The vector and scalar versions of op_phaddw_285 disagree. Maximum error: 60123
Failures were due to a shuffling mistake, I forgot that AVX2 has the 128 bit boundaries for instructions - fixed in 0acae70, and confirmed that we still produce better codegen for reductions.
There's a trade-off between adding new llvm ir implementations of things, and rewriting Halide Exprs into forms that would match existing patterns. E.g. for the widening add, you could rewrite the Expr so that it matches should_use_dot_product.
My question is: Did you consider that, and does this PR fall on the right side of that line?

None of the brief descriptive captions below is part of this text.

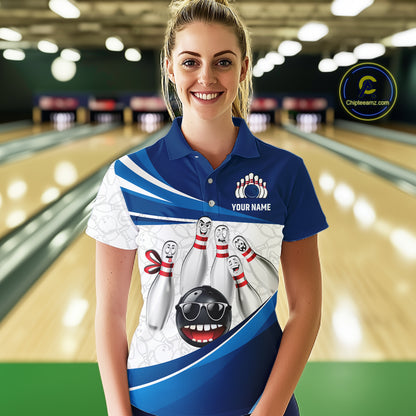 Blue Funny Bowling Shirt Custom Pattern Bowling Team Jersey Polo & 1/4-Zip Bowling Gift for Women QZT930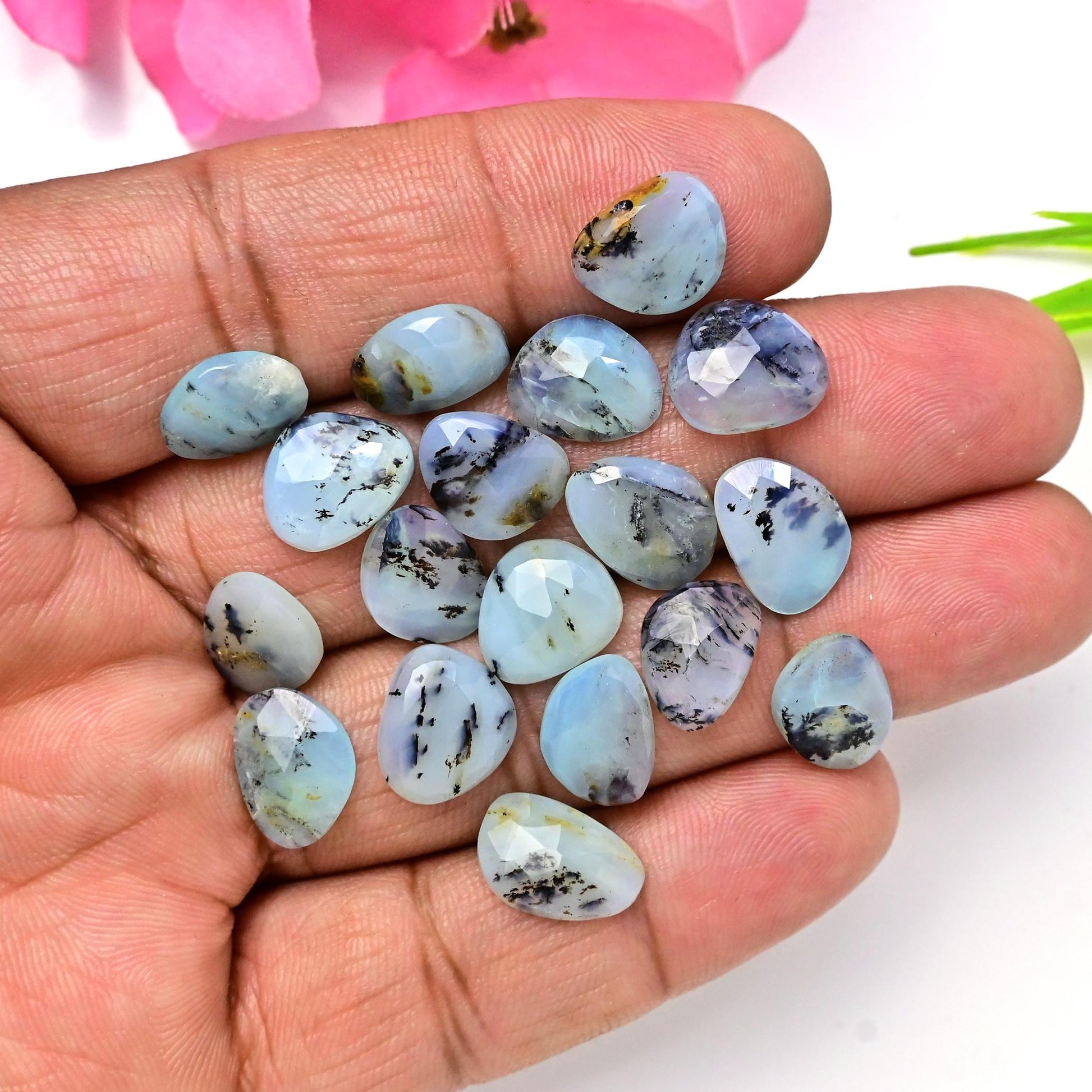 17pcs 10x13mm - 9x12mm Peruvian Blue Opal Rosecut Freeform Opal with Dendritic Inclusions, Peruvian Opal cabochon Wholesale Lot Jewellery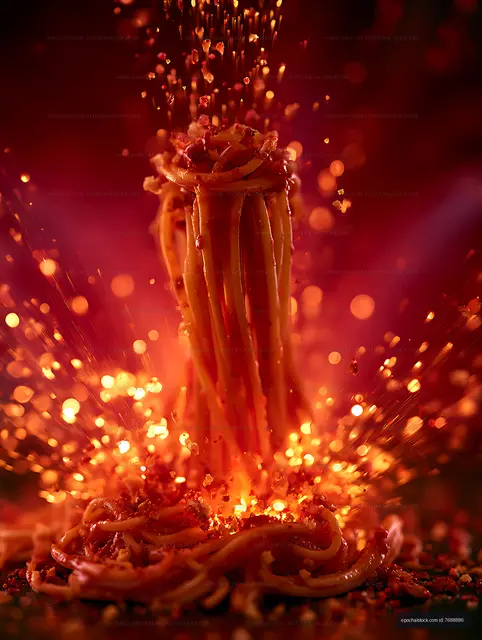 Glowing orange liquid burst on a red abstract background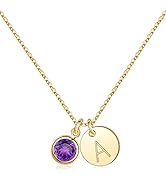 Hidepoo Initial Birthstone Necklace for Women Girls Gifts, 14K Gold Plated Disc Initial Necklace ...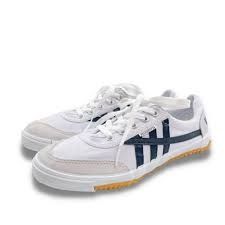 Giày bata Asia - trắng - sọc xanh đen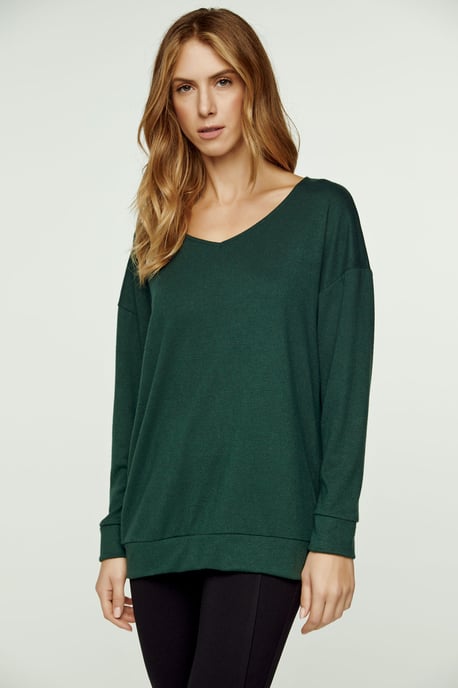 Dark Green V Neck Knit Top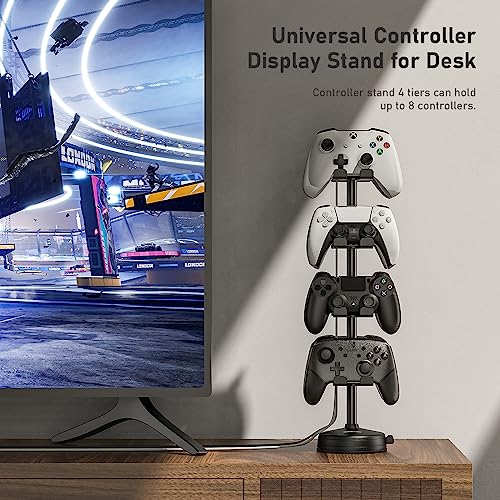 MANMUVIMO Headphone Controller Storage Holder for Desk 4 Tiers with Anti-Slip Stable Suction Cup, Controller Holder, Universal Gaming Desk Accessories for PS5/PS4/Xbox Series/Xbox One - size: 4 Tier Controller Holder Black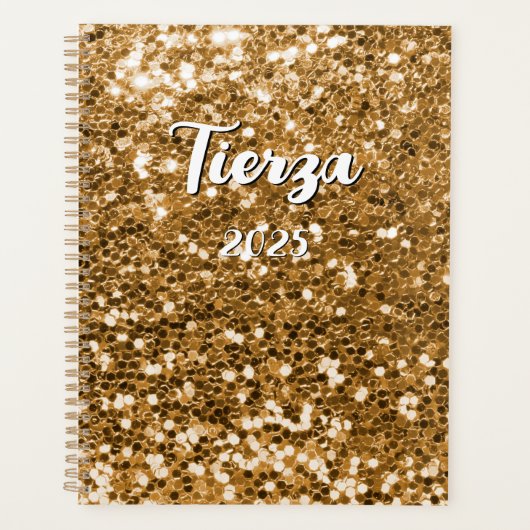 Gouden Chunky Glitter gepersonaliseerd Planner (Voorkant)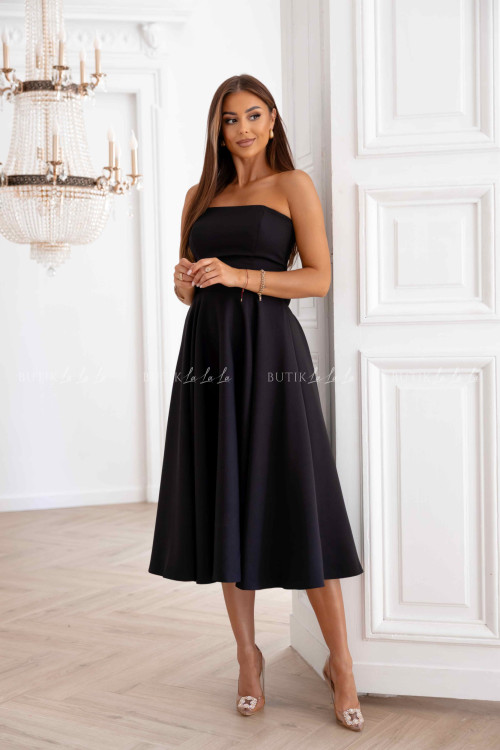 Sukienka rozkloszowana z kokardą czarna Asti 1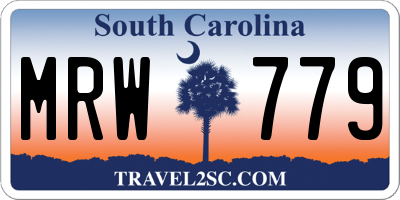 SC license plate MRW779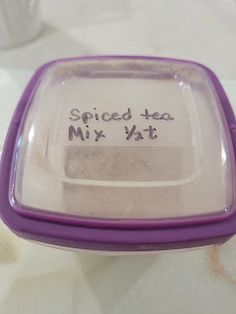 a purple and white container that says spiced to mix - vat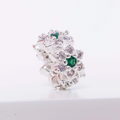 Berloque Mini Separador Flor Com Zircônia Verde Prata 925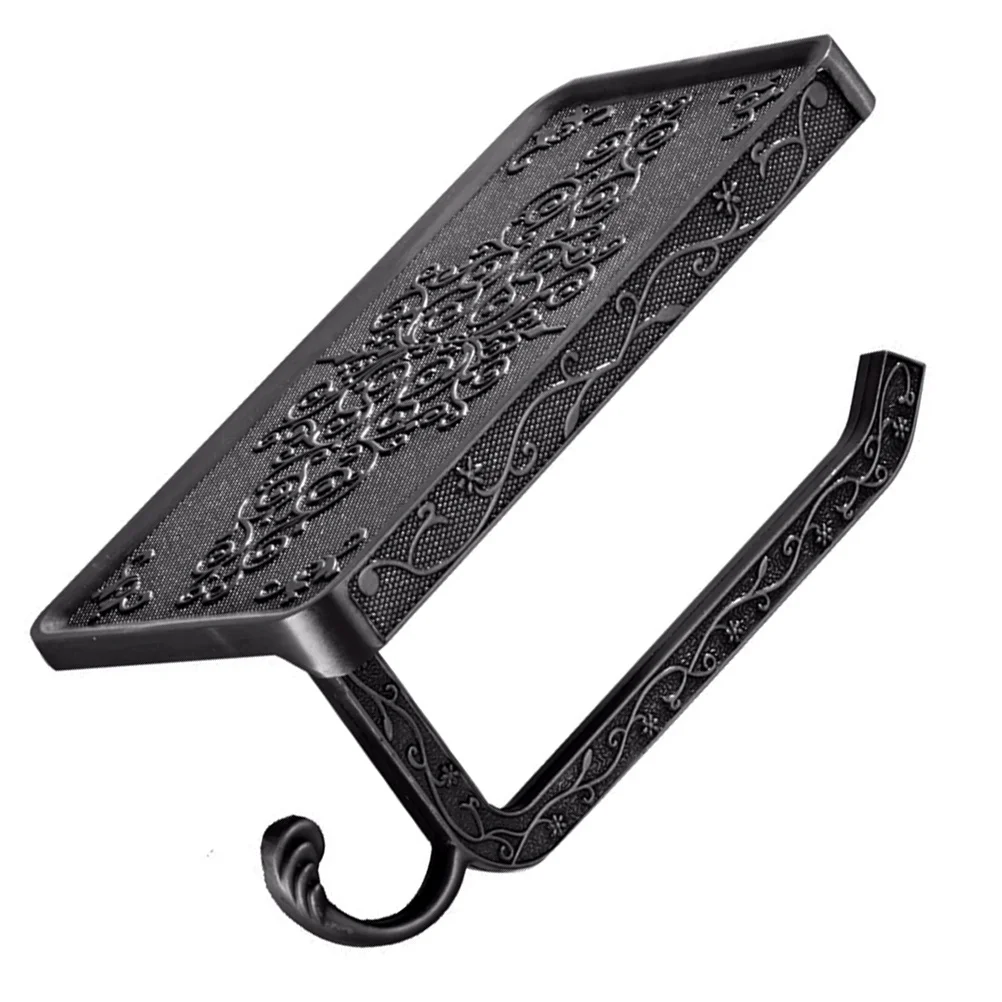 

Настенный держатель для туалетной бумаги в ретро-стиле из алюминия с полкой для хранения, 1 шт.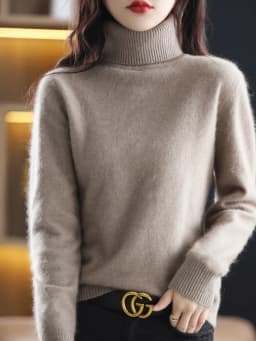 LHZSYY Winter Women Sweater Solid 100%Mink Cashmere Turtleneck Knitted Pullovers Slim Soft Warm Female Long Sleeve 23 Color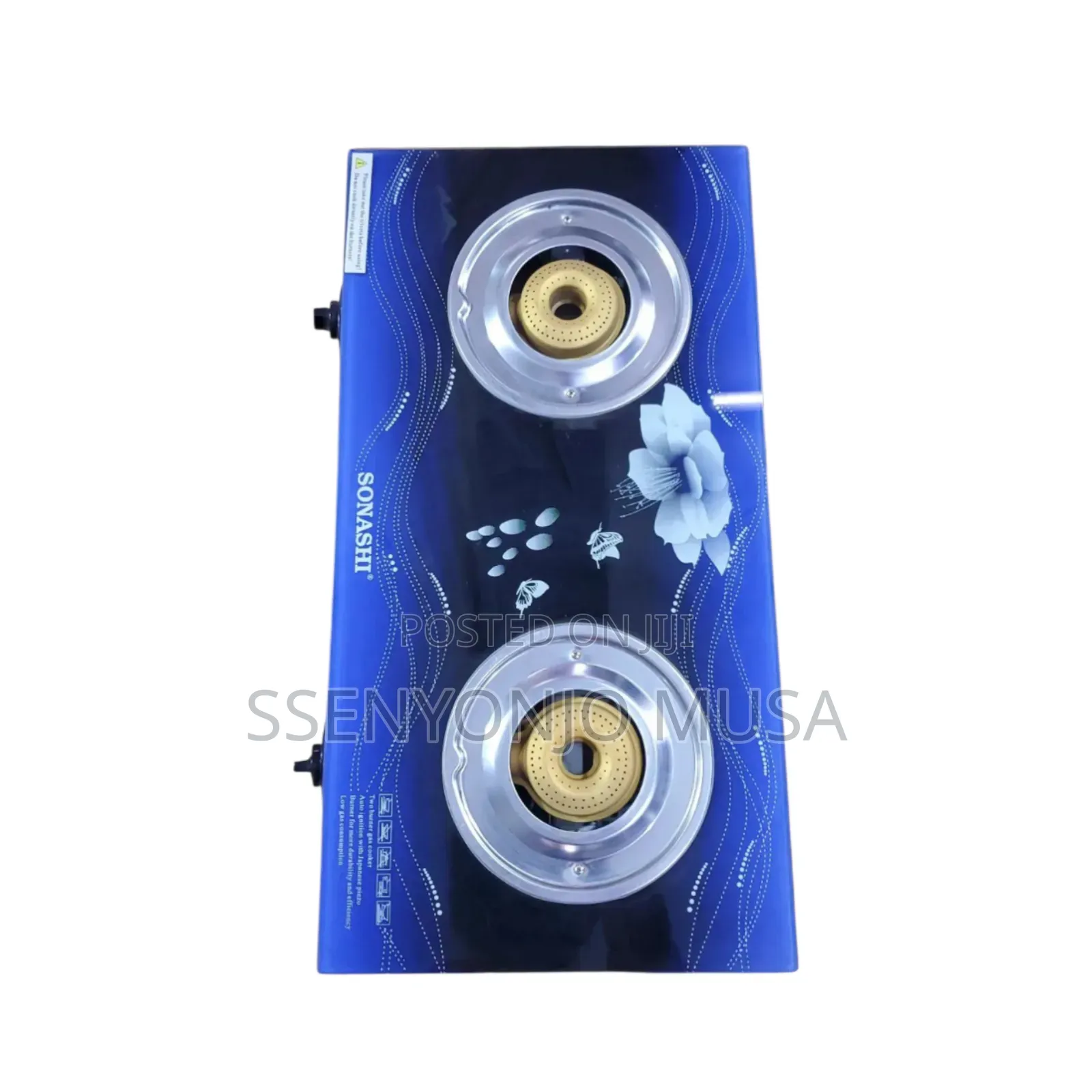 Sonashi Gas Burner /Stove -SGB-202gn Glass/Stainless Steel Double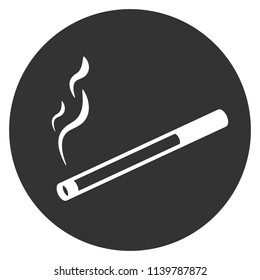 Cigarette vector icon. Cigarette smoke icon. Gray background. Vector flat sign.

We don't have any existing patterns for phadd
instructions, so I'll only respond to your question in regards to the use of pmaddwd
here.
I did not consider rewriting within Halide IR, but your suggestion raises a good point - I realize that I did not provide LLVM implementations for the AVX512 dot_product instructions, which could be similarly used. I suspect that your suggest would benefit from greater generality, and would be better suited for extensibility, so I will change this PR to transform all of the horizontal_widening_add
s into the pattern that will match against the existing dot_product patterns
I will say that I don't think these particular patterns are suitable for rewriting to enable should_use_dot_product
, but instead I will aim for producing the patterns that will match the VectorReduce dot_product instructions.
buildbots are green -- is this ready to land?
I might close this PR in favor of #6884 , which will make the horizontal_widening_add
patterns useful on any architecture that has pmaddwd
variants. Just waiting to get feedback on whether that PR is indeed a better way of doing things.
Monday Morning Review Ping -- where does this PR stand? Is it still likely to be dropped in favor of #6884?
Yes, I am closing this in favor of #6884 . If we end up not merging #6884 for some reason, I will re-open this PR.